Saturday, September 04, 2010

Data duplication at Mendeley

Earlier this year I gave Mendeley a try, after having been a happy JabRef user, unhappy Connotea user (main problem was that any URI can be bookmarked, not just papers, so very noisy), happy CiteULike user (and still am). But the client did not bring me what I needed, and I canceled my account again.

Since then, Mendeley has undergone a transformation, and there is talk about OpenSourcing the client (or not), Open Data, and an Open Standard API. But, importantly, I no longer need the client and can do everything in the browser.

Moreover, Mendeley has momentum and is starting to provide interesting apps around the API, such as And since being a scientist is playing the publishing game, one just must add once papers to these systems, just advertise them:

This brings us to problem #1: author identity, which is a general problem and addressed by projects like ORCID. So, besides the page shown above, I have a second page under an entry with just my first name.

But, as the title of the post suggests, Mendeley suffers from a second problem, which was recently brought up by Duncan in his How many unique papers are there in Mendeley? post.

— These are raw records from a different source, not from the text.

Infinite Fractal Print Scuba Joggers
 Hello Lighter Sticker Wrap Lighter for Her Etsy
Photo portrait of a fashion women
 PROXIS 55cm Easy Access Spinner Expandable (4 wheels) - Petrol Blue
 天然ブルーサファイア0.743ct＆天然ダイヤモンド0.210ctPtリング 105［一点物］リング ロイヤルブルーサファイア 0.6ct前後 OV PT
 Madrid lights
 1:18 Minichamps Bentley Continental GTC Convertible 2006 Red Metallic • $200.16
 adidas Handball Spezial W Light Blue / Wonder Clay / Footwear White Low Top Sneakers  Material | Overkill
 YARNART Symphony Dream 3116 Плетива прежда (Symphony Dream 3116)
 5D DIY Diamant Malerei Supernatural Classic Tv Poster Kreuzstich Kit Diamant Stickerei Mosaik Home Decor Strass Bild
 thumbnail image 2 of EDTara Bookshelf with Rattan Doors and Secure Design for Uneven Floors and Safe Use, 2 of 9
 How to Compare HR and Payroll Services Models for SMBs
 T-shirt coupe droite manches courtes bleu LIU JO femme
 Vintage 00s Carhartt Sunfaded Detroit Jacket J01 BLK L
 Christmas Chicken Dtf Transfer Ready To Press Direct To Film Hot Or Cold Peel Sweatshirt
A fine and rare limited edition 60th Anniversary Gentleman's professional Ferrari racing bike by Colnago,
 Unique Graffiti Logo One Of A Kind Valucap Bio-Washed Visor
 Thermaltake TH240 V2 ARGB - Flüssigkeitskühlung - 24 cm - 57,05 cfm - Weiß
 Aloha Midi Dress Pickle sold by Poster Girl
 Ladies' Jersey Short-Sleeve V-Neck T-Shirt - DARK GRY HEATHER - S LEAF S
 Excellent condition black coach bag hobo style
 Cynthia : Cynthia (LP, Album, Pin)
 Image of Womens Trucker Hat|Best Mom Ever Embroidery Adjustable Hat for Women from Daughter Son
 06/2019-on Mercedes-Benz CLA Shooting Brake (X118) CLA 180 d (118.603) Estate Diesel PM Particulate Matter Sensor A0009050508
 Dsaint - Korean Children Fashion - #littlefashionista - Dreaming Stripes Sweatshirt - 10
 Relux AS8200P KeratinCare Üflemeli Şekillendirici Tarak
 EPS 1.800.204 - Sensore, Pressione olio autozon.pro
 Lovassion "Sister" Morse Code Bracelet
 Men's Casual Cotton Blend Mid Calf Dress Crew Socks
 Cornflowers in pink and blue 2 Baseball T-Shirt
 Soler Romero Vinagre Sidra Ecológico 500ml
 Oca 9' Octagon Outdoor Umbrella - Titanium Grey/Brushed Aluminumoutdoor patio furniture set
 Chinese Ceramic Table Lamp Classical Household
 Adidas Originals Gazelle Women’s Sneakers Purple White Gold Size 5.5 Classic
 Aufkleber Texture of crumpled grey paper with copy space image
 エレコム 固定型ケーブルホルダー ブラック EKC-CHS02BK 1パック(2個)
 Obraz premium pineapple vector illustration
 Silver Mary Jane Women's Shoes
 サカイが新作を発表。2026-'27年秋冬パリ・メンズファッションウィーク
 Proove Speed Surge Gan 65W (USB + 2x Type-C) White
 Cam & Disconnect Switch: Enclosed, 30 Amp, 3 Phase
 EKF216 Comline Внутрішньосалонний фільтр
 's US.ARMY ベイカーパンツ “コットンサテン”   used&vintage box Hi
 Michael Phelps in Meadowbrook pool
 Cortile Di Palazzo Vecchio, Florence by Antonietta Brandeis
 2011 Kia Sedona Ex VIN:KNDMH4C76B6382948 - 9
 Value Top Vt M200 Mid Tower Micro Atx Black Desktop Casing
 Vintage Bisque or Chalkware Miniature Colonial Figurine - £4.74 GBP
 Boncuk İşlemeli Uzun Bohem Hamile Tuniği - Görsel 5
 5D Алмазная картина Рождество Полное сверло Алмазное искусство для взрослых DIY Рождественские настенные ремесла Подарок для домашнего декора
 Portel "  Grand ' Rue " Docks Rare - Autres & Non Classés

Mendeley, apparently, claims 36M papers, but the number of unique papers is much smaller, as detailedly outline by Duncan. Mr. Gunn replied that [d]uplicates are understandably enriched among the popular papers, such as yours, and it’s harder to go from 6 duplicates to 1 canonical document than from 2 to one, because the variability is higher (see this comment), but I do not buy that.

I replied in the blog about that claim and also made a suggestion: this dereplication should really be a crowd-sourcing event, but I found it impossible to find a place to report duplication, so I had to use a message to support form and a uninformative category Other. If I was working in Mendeley, I would make this reporting a key technology behind their dereplication efforts.

Anyway, the duplication goes deep, very deep into the long tail. And really, my papers are fairly well received in general (many of my papers in BMC journals are 'Highly Accessed'; I did request some distinction there, using the StackOverflow gold, silver, bronze system), but incomparable with the highly bookmarked papers in Mendeley. I know this is probably not something Mendeley likes to hear, but the paper duplication goes deep, very deep too: a majority of my papers show duplicates. A semi-exhaustive scan showed me duplication for the XMPP paper (here and here), the Blue Obelisk paper (here, here, and here; yes, three copies), the CDK-Taverna paper (here and here), the Bioclipse 2 paper (here and here), the userscripts paper (here and here), the CDK I paper (here and here), and the CDK II paper (here and here).

Hopefully, by the time you read this post, at least some above the above links no longer work. In that respect, I would also like to request URIs based on the DOI instead.